Совсем другой случай – поступок и его своеобразные трудности. В этом единственном случае спасительное средство против неотменимости и необозримости начатых им процессов приходит не от какой-то другой и потенциально более высокой способности, но из возможностей самого поступка. Спасительное средство против неотменимости – против того что содеянное невозможно вернуть назад, хотя человек не знал и не мог знать что делал, – заключено в человеческой способности прощать. А спасительное средство против необозримости – а тем самым против хаотической недостоверности всего будущего – заложено в способности давать и сдерживать обещания. Обе эти способности взаимосвязаны, поскольку одна относится к прошлому и делает не бывшим нечто совершённое, «грех», который, подобно Дамоклову мечу, нависал бы над каждым новым поколением и в конечном счете погребал его под собой; тогда как другая устанавливает нечто предданное как указатель на будущее, где без обязывающих обещаний, которые люди словно островки безопасности бросают в грозное море неизвестности, не была бы возможна никакая преемственность человеческих отношений, не говоря уж о постоянстве и верности.

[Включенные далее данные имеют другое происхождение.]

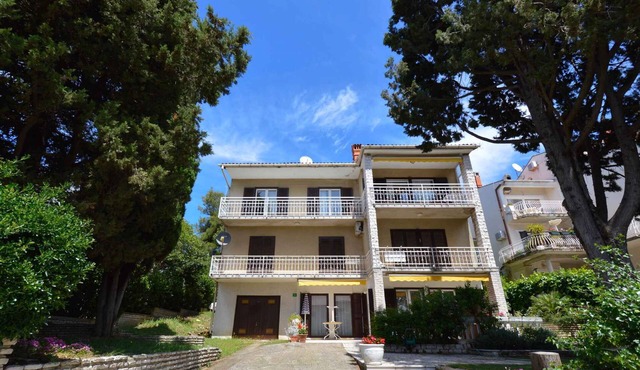 Holiday apartment in a quiet location
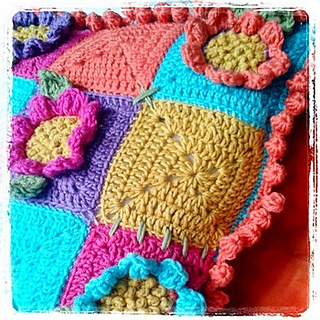 Close_pillow_350_ps_small2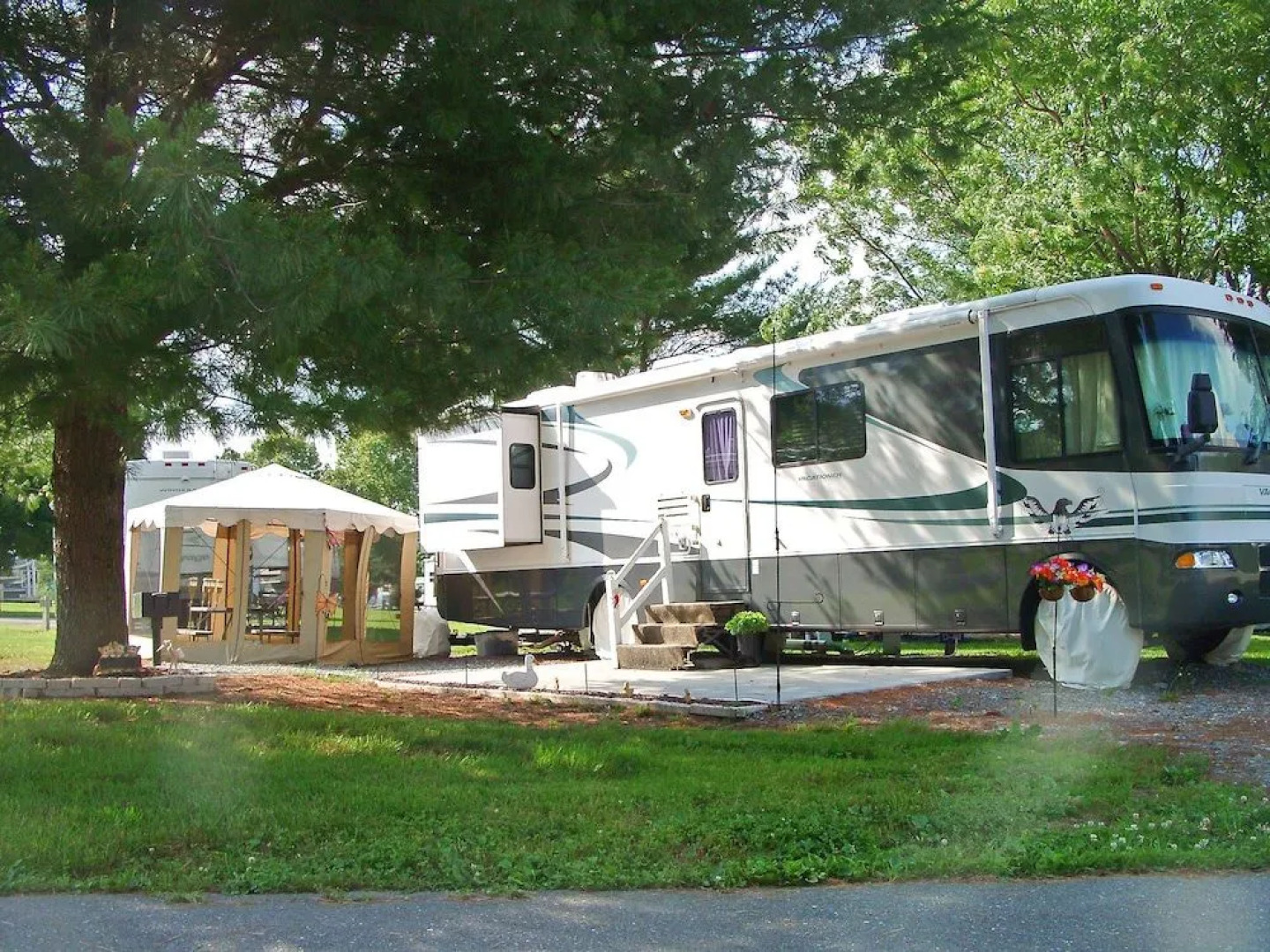 Circle M RV & Camping Resort - Caravan Park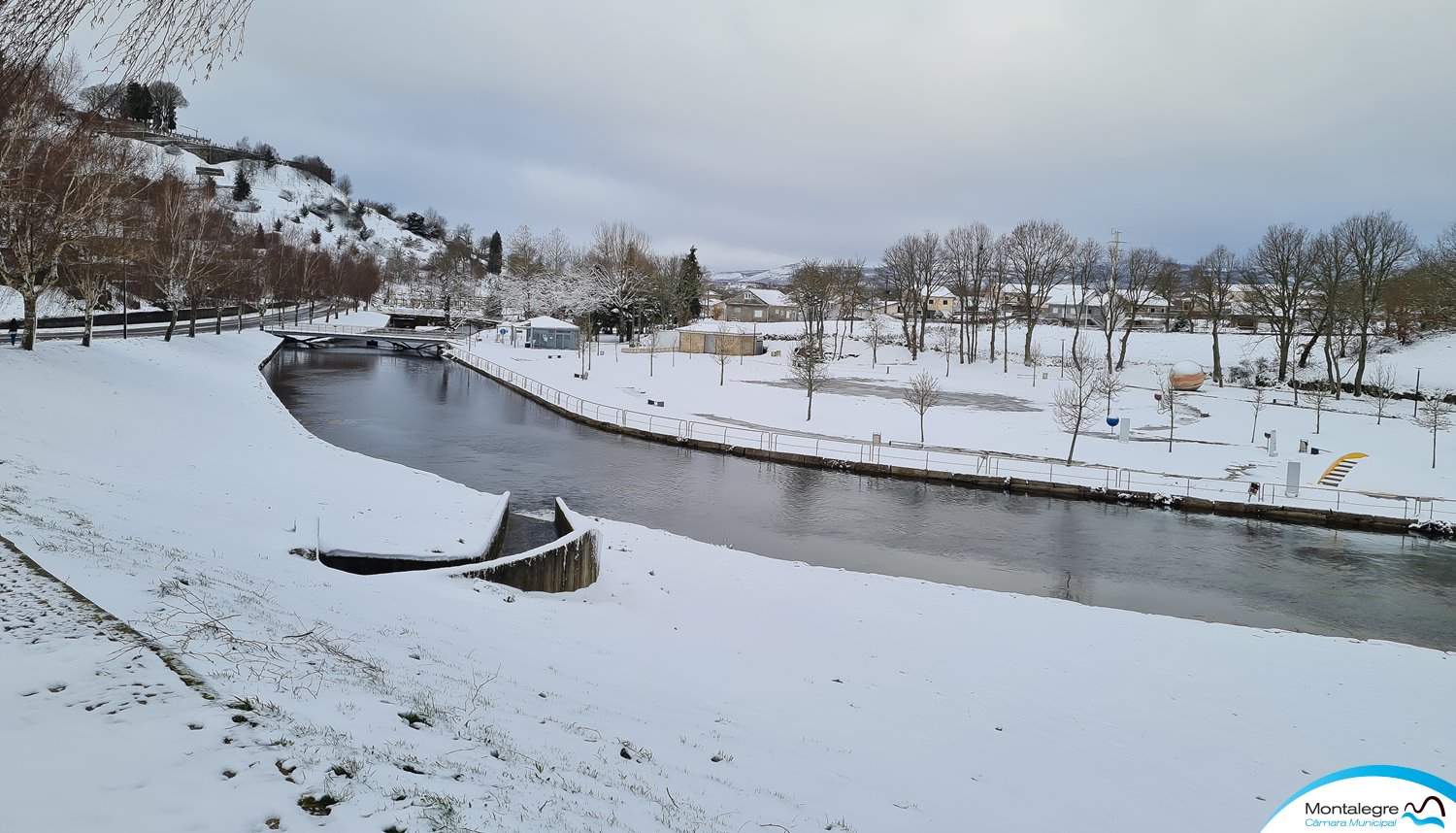 Neve mantém aulas e transportes suspensos em Montalegre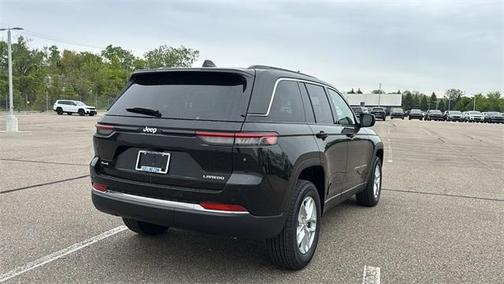 2025 Jeep Grand Cherokee Laredo X
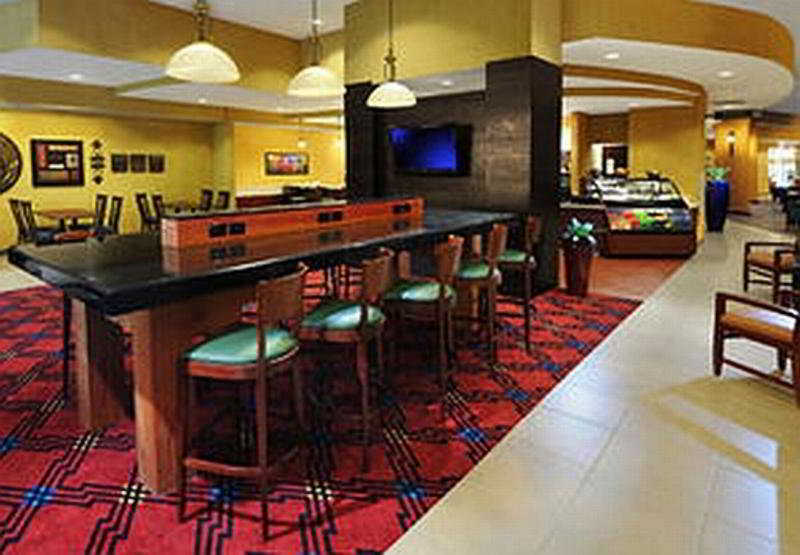 هتل Courtyard By Marriott San Antonio Riverwalk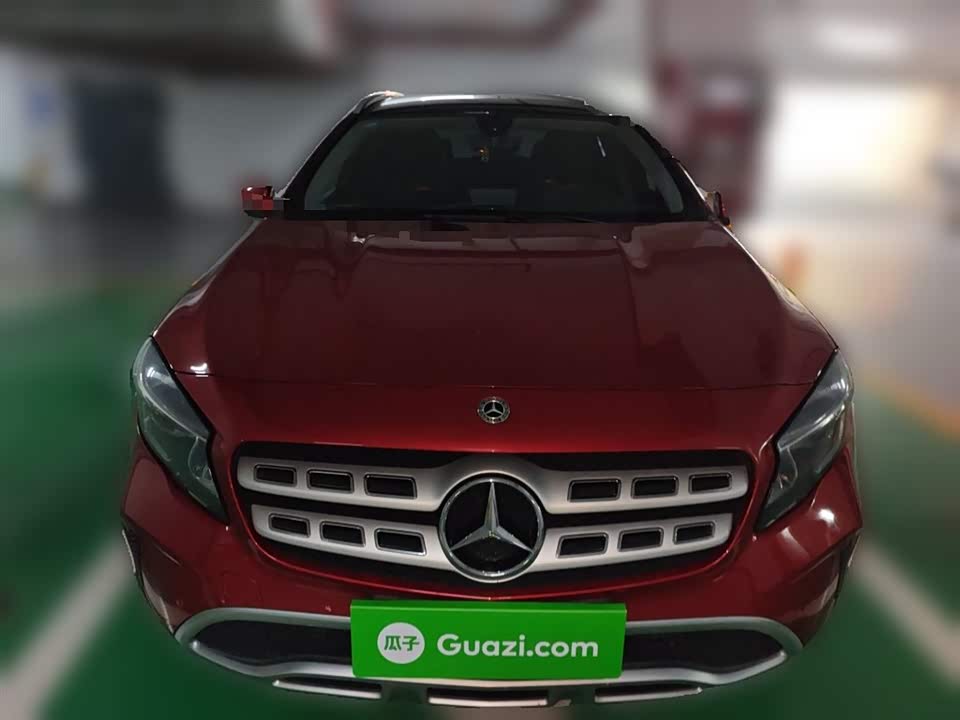 Mercedes-Benz GLA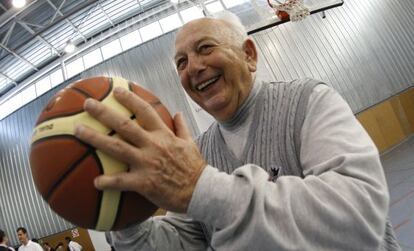 Pete Carril, tras dar un clínic de baloncesto en 2006.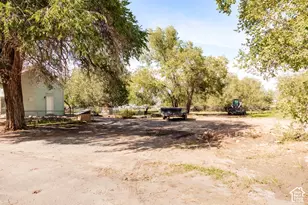 1445 E 2500 S, Naples, UT 84078 - Photo 8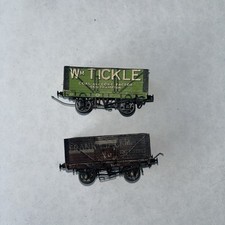 Peco Wonderful Wagons x 2 OO Gauge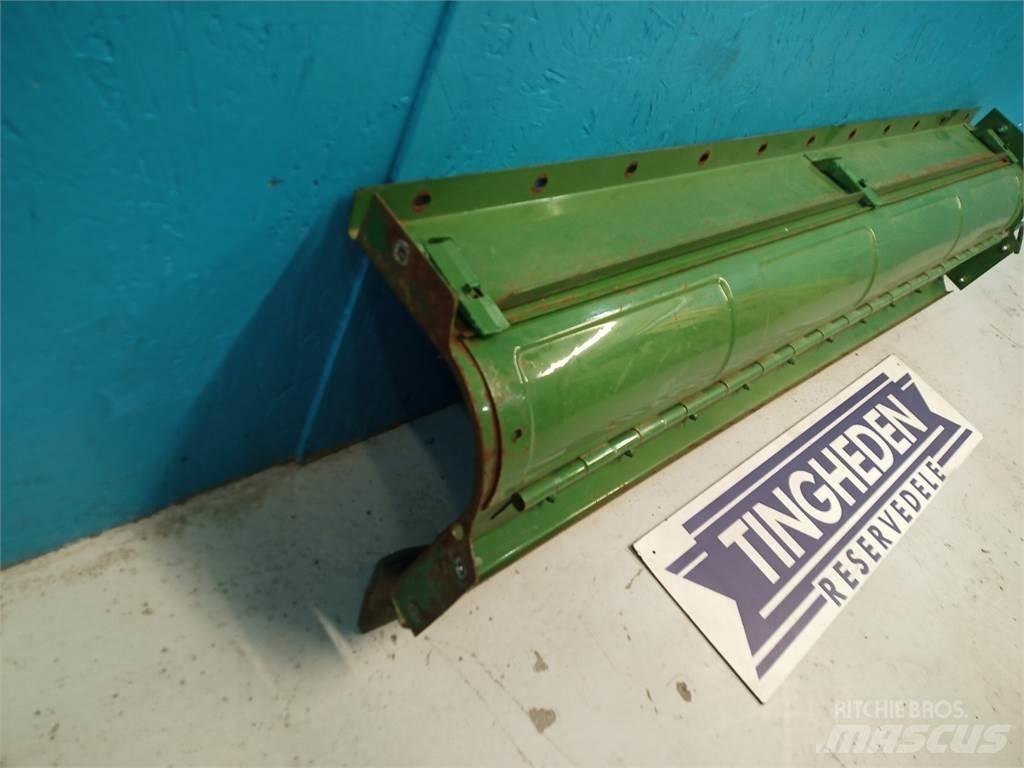 John Deere 2054 Smėlio ir druskos barstytuvai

Если бы мы не могли прощать друг друга, т. е. взаимно избавлять себя снова от последствий наших деяний, то наша способность действовать ограничивалась бы в известной мере одним единственным деянием, последствия которого поистине преследовали бы нас вплоть до конца нашей жизни, в добре как и в зле; именно в поступке мы оказались бы своей собственной жертвой, словно бы тем учеником чародея, который не находит спасительного слова: Besen, Besen, sei’s gewesen. Не связывая себя обещанием на время неведомого будущего и не настраиваясь на него, мы были бы не в состоянии продержаться себе тождественными; мы были бы беспомощными пленниками темноты человеческого сердца, его двусмысленностей и противоречий, блуждая в лабиринте одиноких настроений, вывести откуда нас может только зов современников, которые, привязав нас к обещанию, данному нами и заставляющему нас сдержать его, утверждают нас в нашей идентичности, а то и вообще впервые учреждают эту идентичность. Обе способности могут тем самым вообще быть введены в действие лишь при условии плюрализма, присутствия других, которые со-существуют и со-действуют. Ибо никто не может простить сам себя и никто не может чувствовать себя в плену у обещания, данного им только самому себе. Обещание, данное мною самому себе, и прощение, обеспеченное мною себе же, так же необязывающи, как жесты перед зеркалом.